それで postalk で一人で考察してみました。
まず田中さん等PoS否定派の意見は直感的に理解できます。
大口ホルダーがトークン新規発行を牛耳り、新規発行分の売り圧力がインフレのように大口以外に直撃しかねない構造は
まさにねずみ講と呼ぶにふさわしい仕組みではないでしょうか
と表現するのも一理あるかもしれません。
ですが
「PoSはアンフェアだよね」という共通認識が広まると、 PoSトークンから資金が逃げ価格が下がり、 Stakeholderからすると「資金ロックはリスクである」という状況になり、 リスク量は資金ロック量に応じて大きくなるので、相対的にフェアになる。
という状況が考えられます。
さて、逆に
「PoSはフェアだよね」という共通認識が広まると PoSトークンからに資金が戻り価格が上がり Stakeholderからすると「資金ロックはリスクではない」という状況になり、 ノーリスクでbet可能になるため、相対的に アンフェアになる。

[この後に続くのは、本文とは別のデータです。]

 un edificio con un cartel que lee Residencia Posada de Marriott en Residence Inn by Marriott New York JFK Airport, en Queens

という気づきを得ました。ややこしいですが、とても面白いですね。
そのとき私は気づいてしまいました。
「ベンゼン環だ・・・」
と。
ベンゼン環というのは電子配置が「非局在化(共鳴)」しています。
二重結合であり単結合でもあるような電子密度で安定してしまっている状態です。
固定的な構造だけを扱っていた古典力学では説明できないわけです。
やや話がそれたので要約して終わりとします
まず
- 「PoSはフェアである」 という主張をします。
- 共通認識が市場に広まります。
- 資金が流入します
- PoSトークン価格が増す方向に力が働きます。
- この状況下ではValidationのための資金ロックが大口にとってリスクではないです。

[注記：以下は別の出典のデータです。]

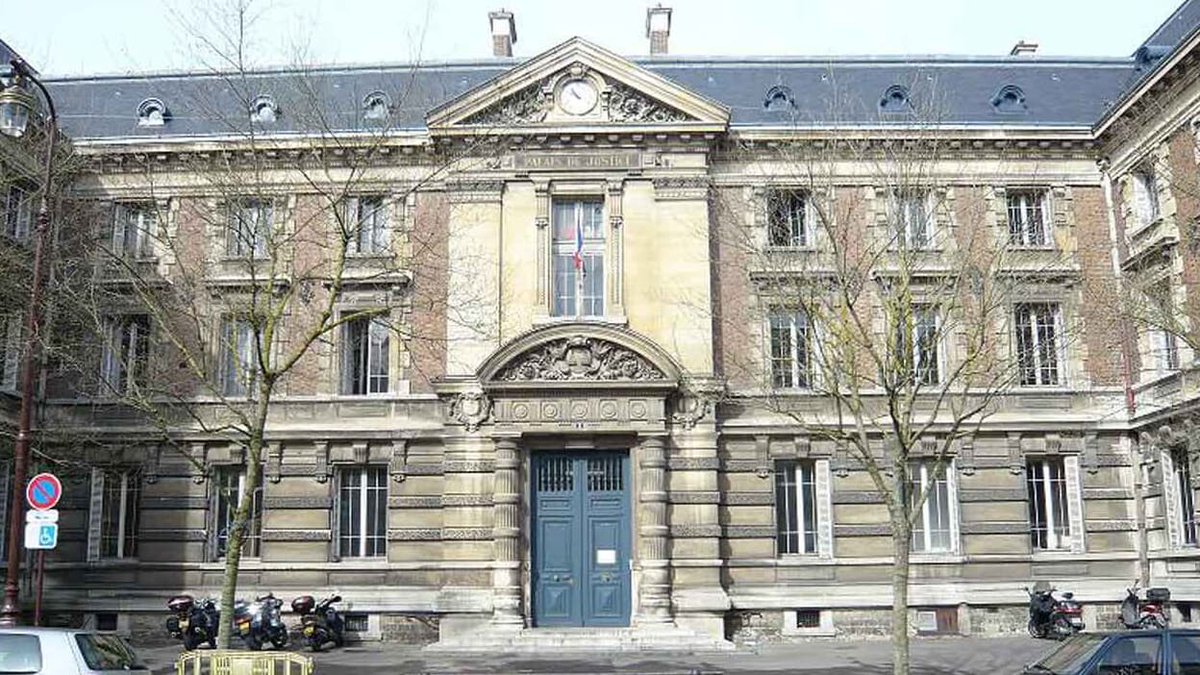 Yvelines: un ancien élève du lycée militaire de Saint-Cyr jugé pour des agressions sexuelles sur des camarades l.bfmtv.com/Alfk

- よって、このときは PoSはアンフェアになります。
PoSホルダーのポジショントークがどのように作られているのかがよくわかります。
さて、次に逆の立場からは
- 「PoSはアンフェアである」 という主張をします。
- 共通認識が市場に広まります。
- 資金が流出します
- PoSトークン価格が減る方向に力が働きます。
- この状況下ではValidationのための資金ロックが大口にとってリスクです。
- よって、このときは PoSはフェアになります
したがって
PoSがフェアじゃないと主張している人は、PoSをフェアにしてしまう方向に力を働かせていて、PoSがフェアだと主張している人はPoSをフェアでなくしてしまう方向に力を働かせている。

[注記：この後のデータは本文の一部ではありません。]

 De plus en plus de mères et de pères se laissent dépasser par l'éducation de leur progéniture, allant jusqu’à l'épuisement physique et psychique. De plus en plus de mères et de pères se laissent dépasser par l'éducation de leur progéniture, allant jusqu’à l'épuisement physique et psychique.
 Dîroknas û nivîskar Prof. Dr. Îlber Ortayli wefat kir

という動的な力学がPoSにはあると言えるかもしれません。
さて、
この「PoSにおけるフェアさの非局在化(Delocalized fairness of PoS)」についてみなさんどう思われますか?ご意見お待ちしてます。
P.S. 議論の相手を常に募集しています
Disclaimer: Tezos(PoSトークン)を保有しています。 Tezos勢はローンチまでしばらく身動きとれないので、正座してIOU価格に一喜一憂するしかありません。